**Git is NOT just a Version Control System.** It is a content-addressable filesystem with a VCS user interface written on top of it.
The Core Concept: Content-Addressable Storage
Imagine you have a huge box of unmarked photographs. If you organize them by where you put them (e.g., “Row 3, Column 4”), that’s location-addressable storage (like a regular hard drive). But if you write a unique mathematical fingerprint of the image itself on the back of each photo, and use that fingerprint to find it—even if it moves—that’s content-addressable storage.
Most version control systems store changes as a list of file-based changes. Git thinks differently. It stores data as a series of snapshots of a miniature filesystem.
Git is a key-value store.
- Key: The SHA-1 hash of the content.
- Value: The compressed content itself.
If you have a file with the content “hello world”, Git calculates the SHA-1 hash of that content (plus a header) and uses that hash as the filename to store the compressed data in the .git/objects directory.
The SHA-1 Hash
Git uses the SHA-1 hashing algorithm to generate a 40-character hexadecimal string. Ideally, every piece of content has a unique hash.

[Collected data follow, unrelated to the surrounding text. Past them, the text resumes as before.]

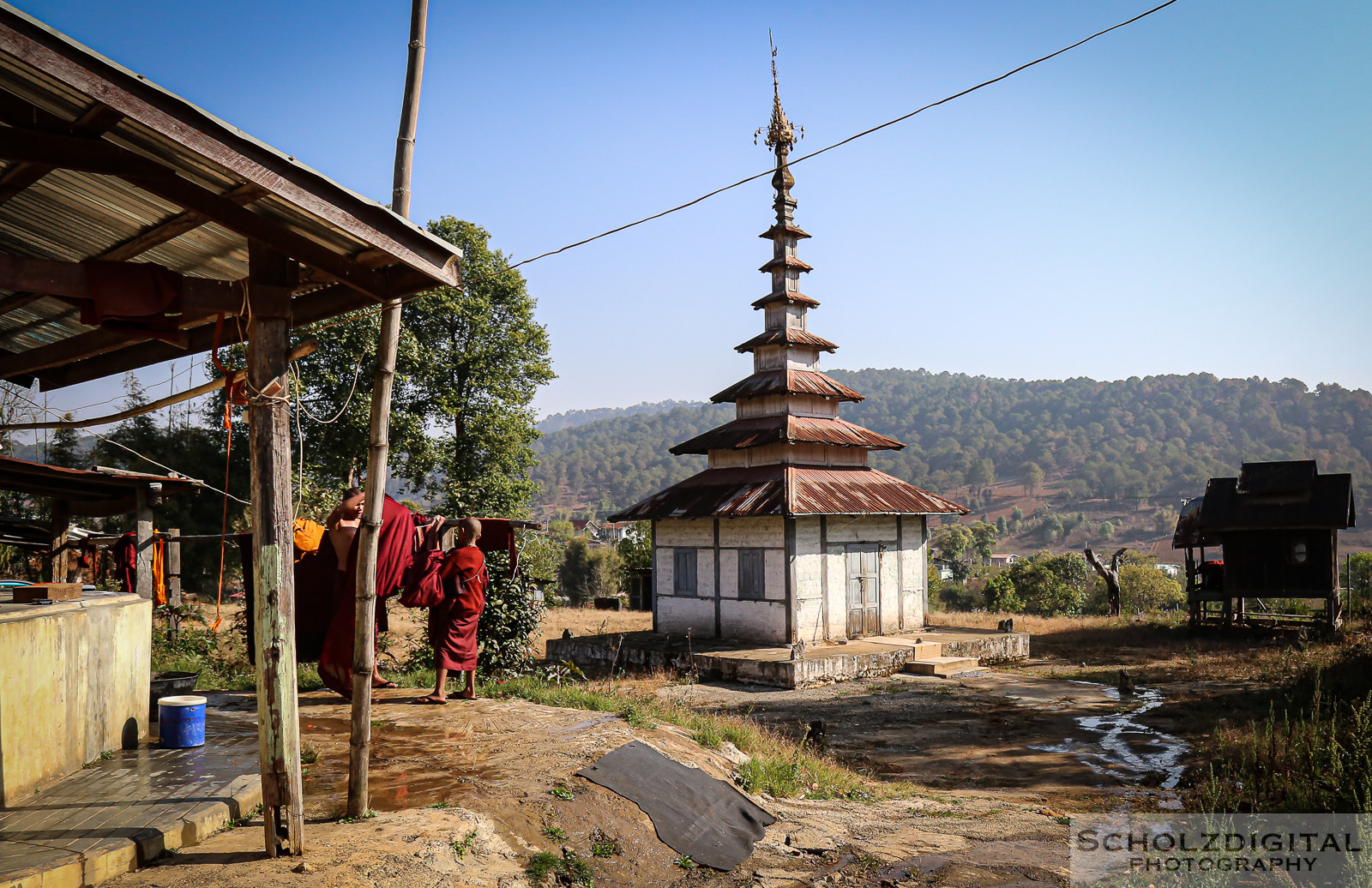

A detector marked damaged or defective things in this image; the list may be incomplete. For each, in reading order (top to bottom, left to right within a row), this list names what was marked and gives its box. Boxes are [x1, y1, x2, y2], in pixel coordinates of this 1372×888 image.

rusty corrugated roof [735, 327, 839, 351]
rusty corrugated roof [713, 367, 861, 403]
rusty corrugated roof [669, 417, 906, 457]
rusty corrugated roof [606, 465, 971, 520]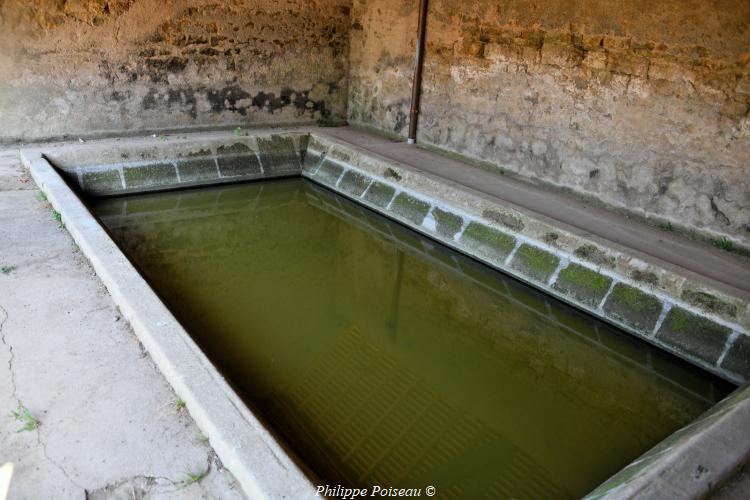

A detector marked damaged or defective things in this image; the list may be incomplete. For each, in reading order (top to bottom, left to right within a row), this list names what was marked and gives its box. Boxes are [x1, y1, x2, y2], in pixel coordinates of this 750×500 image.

cracked concrete floor [0, 149, 244, 500]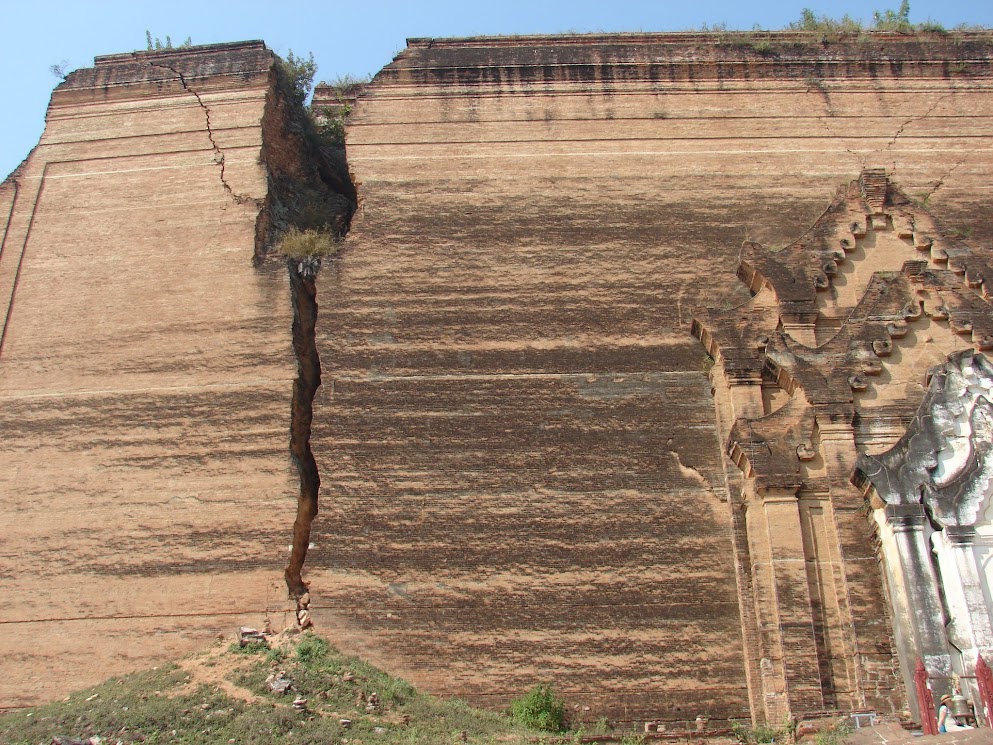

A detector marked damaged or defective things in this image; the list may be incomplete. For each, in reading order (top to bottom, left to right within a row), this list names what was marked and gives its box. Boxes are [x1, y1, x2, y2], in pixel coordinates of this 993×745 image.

diagonal crack in wall [148, 60, 260, 206]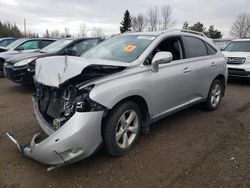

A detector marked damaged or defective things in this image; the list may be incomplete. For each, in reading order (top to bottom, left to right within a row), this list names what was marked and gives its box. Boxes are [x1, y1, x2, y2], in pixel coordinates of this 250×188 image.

front grille damage [34, 64, 126, 130]
crushed hood [35, 55, 129, 88]
broken headlight [74, 85, 105, 113]
damaged silver suv [6, 29, 229, 170]
crumpled front bumper [6, 97, 103, 170]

SHA-1(“blob 11\0hello world”) → 95d09f2b10159347eece71399a7e2e907ea3df4f
Many beginners assume Git stores only the differences (deltas) between versions of a file (e.g., "Line 5 changed from A to B"). This is false. Git stores a complete snapshot of the file every time you commit. If you commit a 10MB file, change one line, and commit again, Git creates a brand new 10MB Blob object representing the new state. We will explore how Git handles this efficiently later.
The Git Object Model
There are four primary types of objects in the Git database:
1. Blob (Binary Large Object)
- Stores: File content ONLY.
- Does NOT Store: Filename, permissions, or timestamp.

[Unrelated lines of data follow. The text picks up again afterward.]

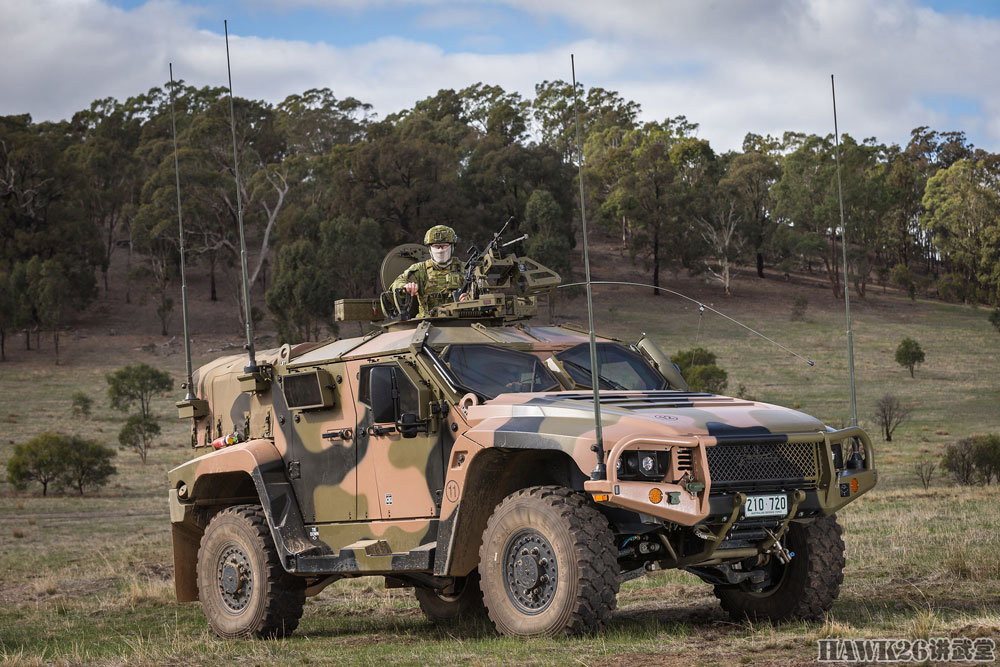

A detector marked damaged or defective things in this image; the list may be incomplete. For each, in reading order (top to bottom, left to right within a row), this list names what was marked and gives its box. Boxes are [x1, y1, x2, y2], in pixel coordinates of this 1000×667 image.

bent antenna [169, 62, 194, 400]
bent antenna [225, 19, 258, 376]
bent antenna [568, 53, 604, 480]
bent antenna [560, 280, 816, 368]
bent antenna [828, 74, 860, 428]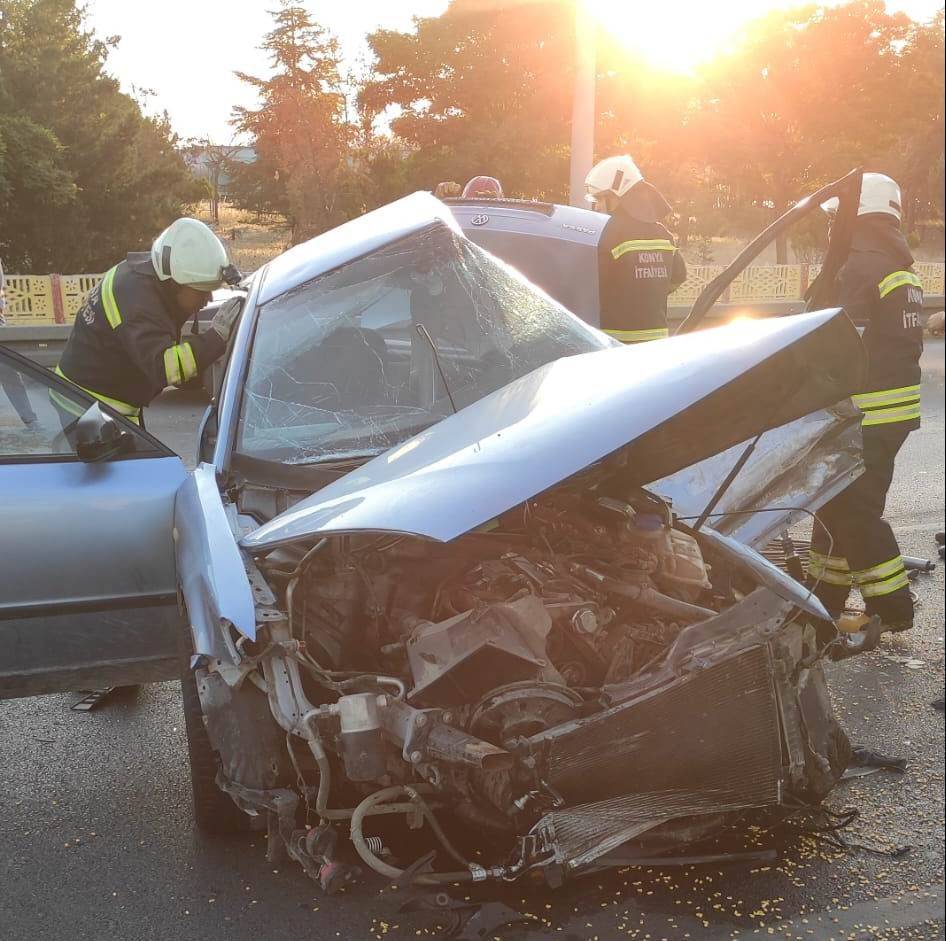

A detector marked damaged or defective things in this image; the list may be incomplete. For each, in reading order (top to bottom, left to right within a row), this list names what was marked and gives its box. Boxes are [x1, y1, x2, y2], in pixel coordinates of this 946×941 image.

shattered windshield [238, 224, 612, 466]
wrecked silver car [164, 187, 872, 892]
crumpled car hood [242, 310, 864, 552]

- Analogy: The raw data of a photograph, without the filename “vacation.jpg”.
2. Tree
- Stores: Directory structure.
- Content: A list of pointers to Blobs (files) or other Trees (subdirectories). It attaches filenames and permissions to the blobs.
- Analogy: A folder on your computer.
| File Mode | Type | Hash Pointer | Filename |
|---|---|---|---|
100644 |
blob | 95d09f2b10159347eece71399a7e2e907ea3df4f |
hello.txt |
040000 |
tree | 3a1b2c... |
src/ |
3. Commit
- Stores: A pointer to the top-level Tree (the root of your project).
- Metadata: Author, committer, timestamp, message.
- Parent(s): Pointers to previous commit objects.
- Analogy: A snapshot of the entire project at a specific moment.
| Key | Value |
|---|---|
tree |
3a1b2c... (Pointer to root Tree) |
parent |
f8e7d6... (Pointer to previous commit) |
author |
Alice <alice@example.com> 1620000000 -0400 |
committer |
Alice <alice@example.com> 1620000000 -0400 |
message |
Initial commit |
4. Tag
- Stores: A pointer to a specific commit.
- Metadata: Tagger name, message, GPG signature.
- Analogy: A sticky note on a specific page of a history book (e.g., “Version 1.0”).
Interactive: Git Object Hash Calculator
Type content below to see how Git generates the SHA-1 hash for a Blob object. Note how changing even one character completely changes the hash.
Visualizing the Object Graph
When you commit, you are creating a directed graph of these objects. Click the objects below to inspect their internal structure!
- The Commit points to the root Tree.
- The Tree points to Blobs (files) and other Trees.
- The Blobs contain the actual data.
If you change one byte in main.go, its SHA-1 hash changes. This forces a new Blob, which forces a new Tree, which forces a new Commit. This chain reaction guarantees the **integrity** of history.
Hardware Reality: How Git Stores Objects Efficiently
If Git takes a complete snapshot of every modified file for every commit, wouldn’t the repository size explode? To solve this, Git uses a two-phase storage mechanism:
- Loose Objects (Snapshots): When you create a file or modify it, Git stores it as a “loose object”—a complete, zlib-compressed snapshot of the file. This is fast for immediate operations.
- Packfiles (Deltas): Periodically (or when you run
git gcor push/pull), Git runs a garbage collection process. It takes many loose objects and combines them into a single compressedpackfile. During this packing phase, Git finally calculates the deltas (differences). It stores the most recent version of a file entirely, and stores older versions as reverse-deltas against the new one. This saves enormous amounts of disk space.
Check your own .git directory:
ls .git/objects
# 0a 1b 2c info pack
The 2-character directories are the first two characters of the SHA-1 hash. This “fan-out” strategy prevents having too many files in a single directory, which can slow down some filesystems.